■ **REQUIRED ACTION**
Reproduce exactly the lines below from the one containing "Here I'm having" through the one containing "One can also", including both, and nothing else.
┌─ SOURCE MATERIAL
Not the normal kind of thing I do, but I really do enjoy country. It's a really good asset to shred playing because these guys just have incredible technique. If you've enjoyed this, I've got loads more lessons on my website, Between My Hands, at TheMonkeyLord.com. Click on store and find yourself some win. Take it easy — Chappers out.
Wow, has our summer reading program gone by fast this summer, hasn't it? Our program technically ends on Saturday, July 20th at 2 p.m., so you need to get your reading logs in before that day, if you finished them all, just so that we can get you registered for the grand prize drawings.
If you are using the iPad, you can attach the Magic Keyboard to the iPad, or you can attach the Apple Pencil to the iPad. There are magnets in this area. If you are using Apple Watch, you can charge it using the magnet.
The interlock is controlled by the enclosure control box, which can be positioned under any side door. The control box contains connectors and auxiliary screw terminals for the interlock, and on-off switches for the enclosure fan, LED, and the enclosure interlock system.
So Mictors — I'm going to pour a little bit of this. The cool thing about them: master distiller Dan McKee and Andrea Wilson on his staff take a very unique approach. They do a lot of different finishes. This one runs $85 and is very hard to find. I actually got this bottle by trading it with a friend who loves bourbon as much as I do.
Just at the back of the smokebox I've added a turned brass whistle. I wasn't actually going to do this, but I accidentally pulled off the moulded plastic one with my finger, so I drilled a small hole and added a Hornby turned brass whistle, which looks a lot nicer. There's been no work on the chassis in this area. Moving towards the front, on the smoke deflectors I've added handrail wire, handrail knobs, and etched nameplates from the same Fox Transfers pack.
└─
┌─ SOURCE MATERIAL
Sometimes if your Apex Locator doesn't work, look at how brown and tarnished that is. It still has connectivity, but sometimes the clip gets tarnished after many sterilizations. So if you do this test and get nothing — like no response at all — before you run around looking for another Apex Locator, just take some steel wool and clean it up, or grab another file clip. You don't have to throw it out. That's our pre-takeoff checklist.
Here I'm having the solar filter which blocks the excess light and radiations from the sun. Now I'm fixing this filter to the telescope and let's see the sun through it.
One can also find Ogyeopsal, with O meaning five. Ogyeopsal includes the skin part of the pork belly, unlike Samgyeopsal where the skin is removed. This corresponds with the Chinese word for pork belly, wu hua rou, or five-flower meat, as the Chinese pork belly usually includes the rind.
└─
■ **TASK OUTPUT**
Here I'm having the solar filter which blocks the excess light and radiations from the sun. Now I'm fixing this filter to the telescope and let's see the sun through it.
One can also find Ogyeopsal, with O meaning five. Ogyeopsal includes the skin part of the pork belly, unlike Samgyeopsal where the skin is removed. This corresponds with the Chinese word for pork belly, wu hua rou, or five-flower meat, as the Chinese pork belly usually includes the rind.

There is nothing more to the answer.